Beside its usual conical scanning target tracking radar...


...this system had a lightweight target acquisition radar, that provided 360 degree area awareness for the gun laying crew.


Project Nike
The inherent inaccuracy of anti-aircraft artillery means that when shells reach their targets they are randomly distributed in space. This distribution is much larger than the lethal radius of the shells, so the chance that any one shell will successfully hit the target is very small. Successful anti-aircraft gunnery therefore requires as many rounds to be fired as possible, increasing the chances that one of the rounds will get a "hit".

During The Blitz, UK gunners fired 49,044 shells in January 1941 for 12 kills, almost 4,100 shells per success.
German gunners with radar support did better, estimating that an average of 2,800 shells were required to down a single Boeing B-17.

Flying faster means that the aircraft passes through the range of a gun more rapidly, reducing the number of rounds a particular gun can fire at that aircraft.
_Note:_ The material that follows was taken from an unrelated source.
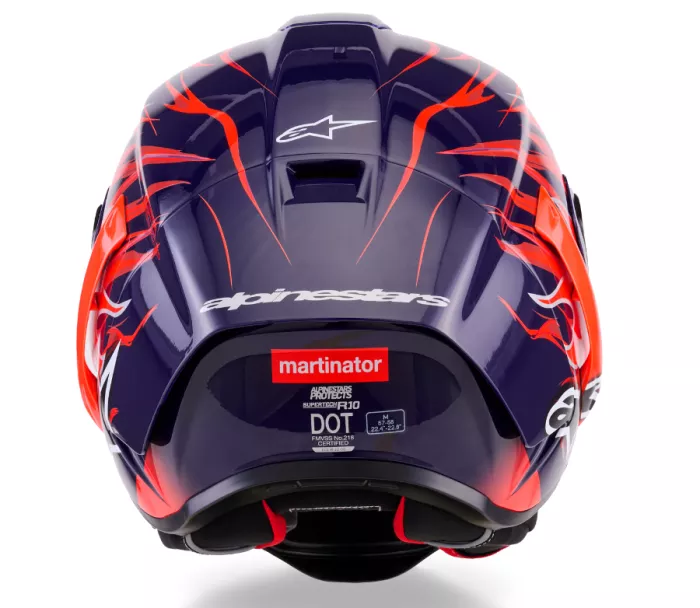 Kask wyścigowy Alpinestars  Supertech R10 Flyte purple/red glossy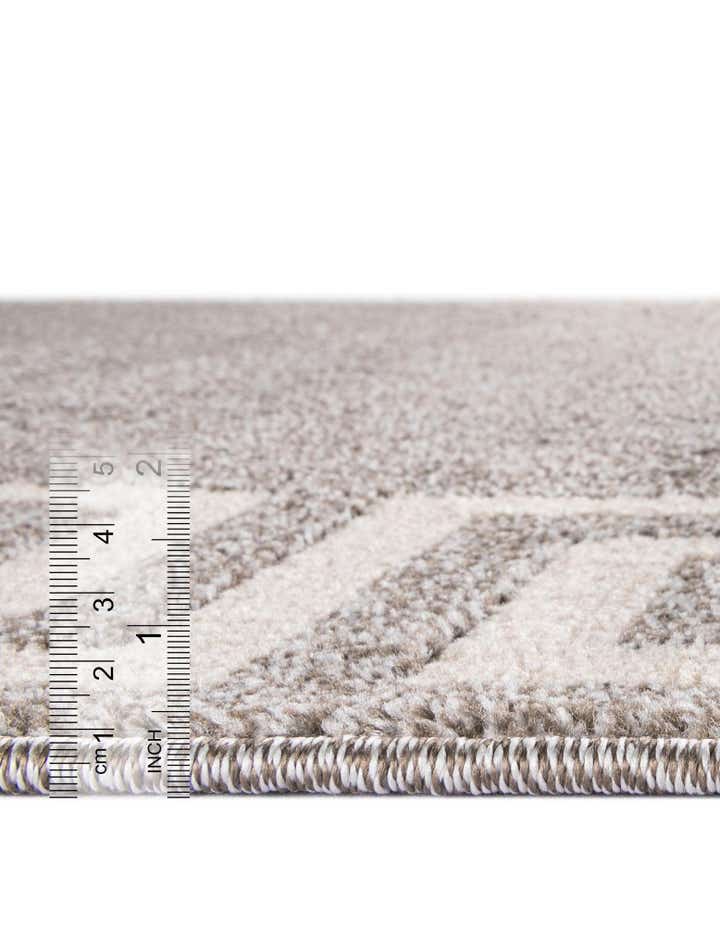 6' x 6' Greek Key Round Rug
Flying at higher altitudes often has a similar effect, as it requires larger shells to reach those altitudes, and this typically results in slower firing rates for a variety of practical reasons.

Aircraft using jet engines roughly double the speed and altitude over piston-powered designs, limiting the number of shells so greatly that the chance of hitting the bomber dropped almost to zero.
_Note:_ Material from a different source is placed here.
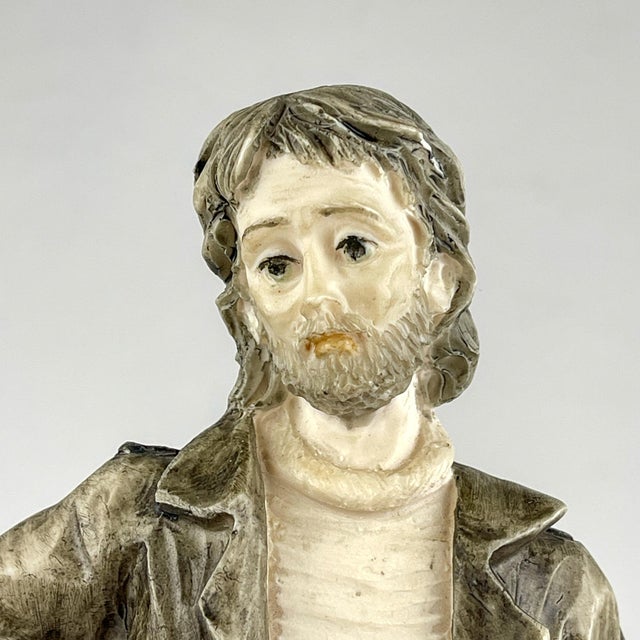 Brown Original Ceramic Sculpture of Artist from Capodimonte, Italy, 1970s For Sale - Image 8 of 16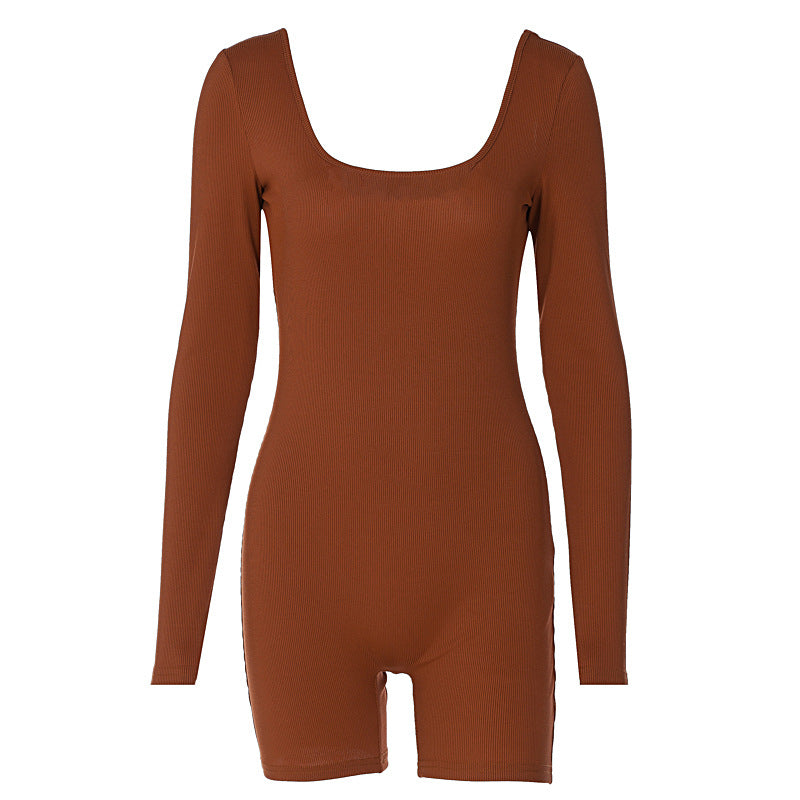 Dame bodysuit med långa ärmar och fyrkantig urringning Mirla-Eva Jonsson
The introduction of German jet-powered bombers late in 1944 led the Army Chief of Ordnance issued a requirement for a new guided missile weapon system. The request was passed to Bell Labs, then a world leader in radar, radio control and automated aiming systems.
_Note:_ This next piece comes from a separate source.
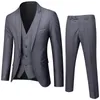 Мужчины подходят Fahion Suits Men Wedding Cust 3 кусочки костюма (куртка и брюки и жилет)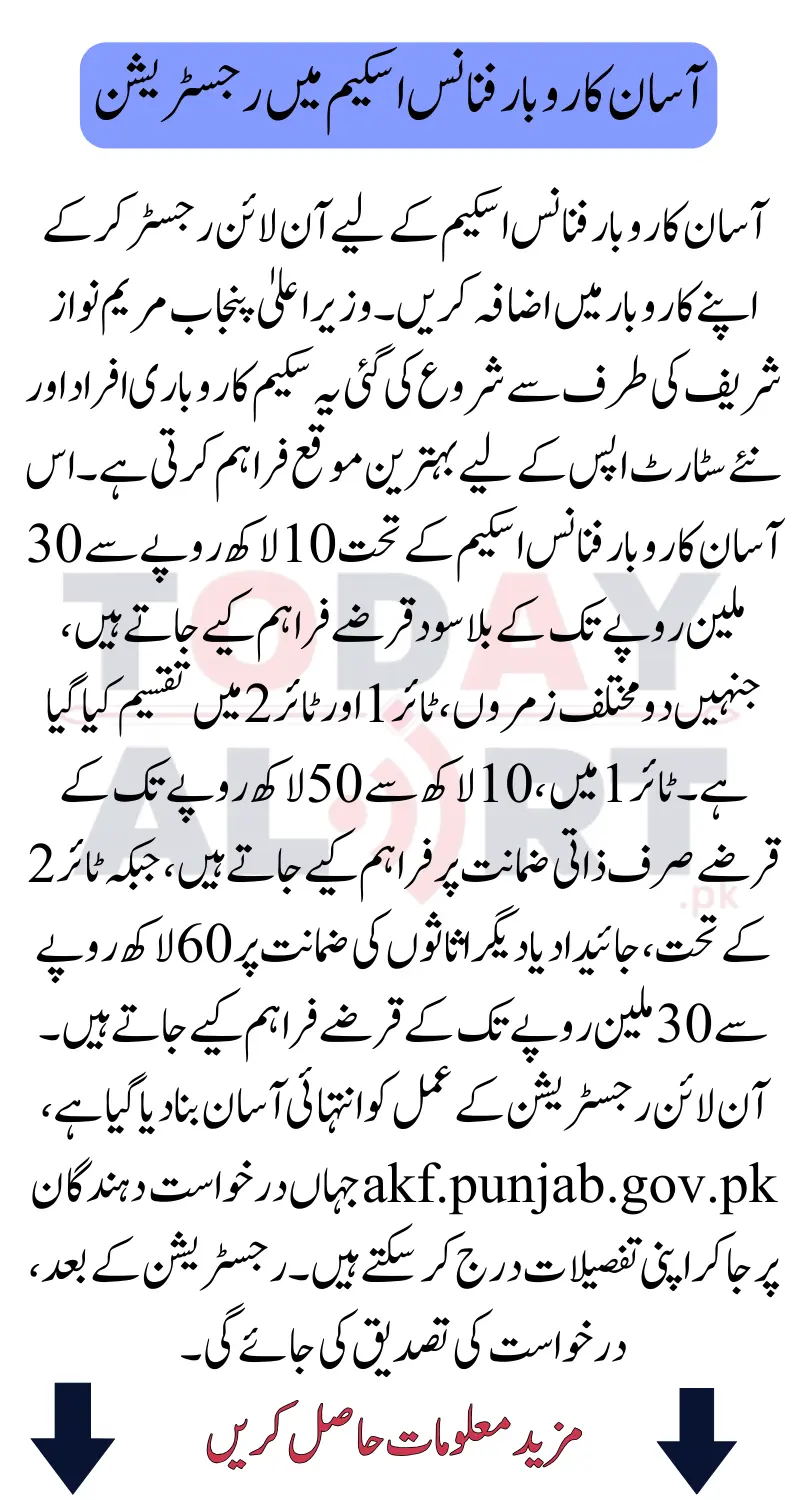 Asaan Karobar Finance Scheme Online Registration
The Bell team was given the task of attacking bombers flying at 800 km/h or more, at altitudes between 6~18km
Bell reported back on 14 May 1945 that such a development was indeed possible.

They concluded that:
A supersonic rocket missile should be vertically launched under the thrust of a solid-fuel booster which was then to be dropped thence, self-propelled by a liquid-fuel motor, the missile should be guided to a predicted intercept point in space and detonated by remote control commands, these commands should be transmitted by radio signals determined by a ground-based computer associated with radar which would track both the target and the missile in flight.

Hi Hpasp,
is this going to be your next SAM simulator project?


By the way, don't forget about Canada! Many/most of these project to defend North America (including Canada) from Soviet bomber threat were in fact joint American and Canadian efforts and not exclusively American. For example the Mid-Canada (radar) line was installed exclusively on Canada while most of the DEW and PINETREE lines were also installed on Canada and these were run by joint Canadian and American personnel.
Actually these joint Canadian and American efforts to defend North America created the well known NORAD (North American Aerospace Defense Command).
More info on NORAD here:
http://www.norad.mil/AboutNORAD.aspx
and here:
http://en.wikipedia.org/wiki/North_American_Aerospace_Defense_Command

Keep it up, I love reading about this!

From the historical hindsight it might be easy to dismiss this tension, but during those years this was tough reality...

Nice Reading and video too.

Myasishchev had several innovative ideas, to maximize his plane the M-4 (Bison-A) effective range.
By selecting the strongest available turbojets (Mikulin AM-3, 78kN thrust, 3.1t weight, 5.38x1.5m size) in the Soviet Union, he could accelerate the maximal take off weight of 184t in a 2500m of runway.
Placing the engines inside of the wing root, excluded the weight of the nacelle.
The bicycle wheel arrangement reduced the number of required undercarriages from three to two, and minimizing the ground clearance saved 5t.
Usage of a new type of Aluminium 95T that was 1.5 times stronger allowed weight reduction by 1.5.
Limiting the plane overload to the absolute minimum of 2g (!!!) and designing a vertically flexible wing reduced its weight by 20%.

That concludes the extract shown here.